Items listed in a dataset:
▶

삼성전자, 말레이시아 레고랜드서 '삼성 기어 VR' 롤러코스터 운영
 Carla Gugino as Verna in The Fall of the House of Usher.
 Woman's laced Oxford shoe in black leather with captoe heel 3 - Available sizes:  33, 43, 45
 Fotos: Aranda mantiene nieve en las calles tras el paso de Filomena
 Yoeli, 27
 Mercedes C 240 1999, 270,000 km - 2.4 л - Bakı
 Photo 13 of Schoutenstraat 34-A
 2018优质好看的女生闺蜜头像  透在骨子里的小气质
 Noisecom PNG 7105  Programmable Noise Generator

◀

• Instructions for the task
Restate the records above word for word, omitting nothing.

• Task response
삼성전자, 말레이시아 레고랜드서 '삼성 기어 VR' 롤러코스터 운영
 Carla Gugino as Verna in The Fall of the House of Usher.
 Woman's laced Oxford shoe in black leather with captoe heel 3 - Available sizes:  33, 43, 45
 Fotos: Aranda mantiene nieve en las calles tras el paso de Filomena
 Yoeli, 27
 Mercedes C 240 1999, 270,000 km - 2.4 л - Bakı
 Photo 13 of Schoutenstraat 34-A
 2018优质好看的女生闺蜜头像  透在骨子里的小气质
 Noisecom PNG 7105  Programmable Noise Generator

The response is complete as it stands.